The Federal Government through the Ministry of Power has acknowledged the organised Labour request for a reduction in electric tariff.

The Nigeria Labour Congress (NLC) and Trade Union Congress (TUC) had picketed offices of the National Electricity Regulatory Commission (NERC) and Distribution Companies nationwide over the hike in electricity tariff.

The unions had described the upward review, demanding outright cancellation.

Addressing State House correspondents after the Federal Executive Council (FEC) meeting on Tuesday, Minister of Power, Adebayo Adelabu, said labour had the right to protest.

“We cannot stop them from organizing peaceful protest or laying down their demands. Let me make that clear. President Bola Tinubu’s administration is also a listening government.”

“We have heard their demands, we’re going to look at it, we’ll make further engagements and I believe we’re going to reach a peaceful resolution with the labor because no government can succeed without the cooperation, collaboration and partnership with the Labour unions. So we welcome the peaceful protest and I’m happy that it was not a violent protest. They’ve made their positions known and government has taken in their demands and we’re looking at it.

“But one thing that I want to state here is from the statistics of those affected by the hike in tariff, the people on the road yesterday, who embarked on the peaceful protests, more than 95% of them are not affected by the increase in the tariff of electricity.
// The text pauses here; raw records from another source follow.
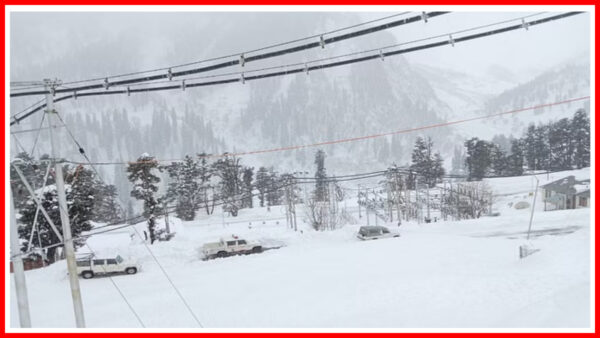 Vehicles passing through Atal Tunnel amidst snowfall. - Photo: Diary Times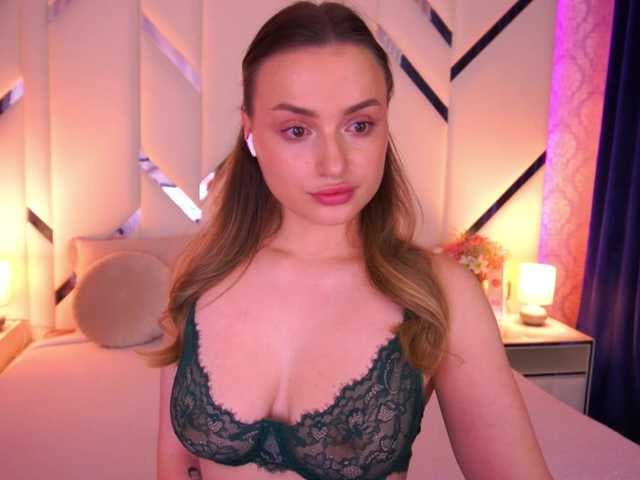 FloraGreys live cam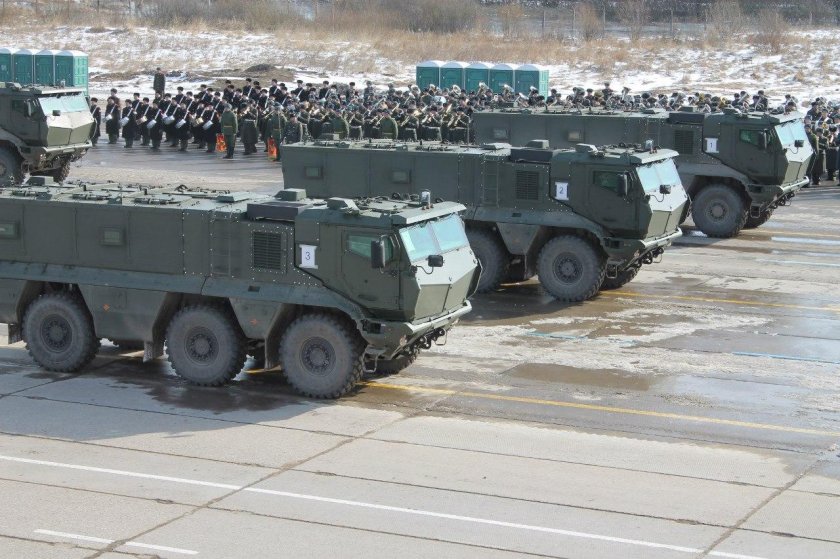 КАМАЗ Тайфун 63988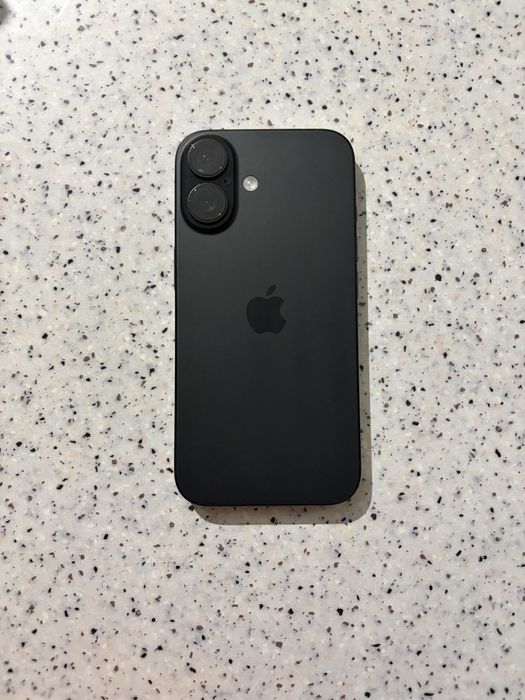 Продам в идеальном состоянии айфон 16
They still enjoy almost 70% government subsidy in the tariff they pay because the average costs of generating, transmitting and distributing electricity is not less than N180 today.

“A lot of them are paying below N60 so they still enjoy government’s subsidy. So when they say we should reverse the recently increased tariff, sincerely it’s not affecting them. That’s one position.

“My appeal again is that they should please not derail or distract our transformation plan for the industry. We have a clearly documented reform roadmap to take us to our desired destination, where we’re going to have reliable, functional, cost-effective and affordable electricity in Nigeria. It cannot be achieved overnight because this is a decay of almost 60 years, which we are trying to correct.”

He said there was the need for sacrifice from everybody, “from the government’s side, from the people’s side, from the private sector side. So we must bear this sacrifice for us to have a permanent gain”.

“I don’t want us to go back to the situation we were in February and March, where we had very low generation. We all felt the impact of this whereby electricity supply was very low and every household, every company, every institution, felt it. From the little reform that we’ve embarked upon since the beginning of April, we have seen the impact that electricity has improved and it can only get better.”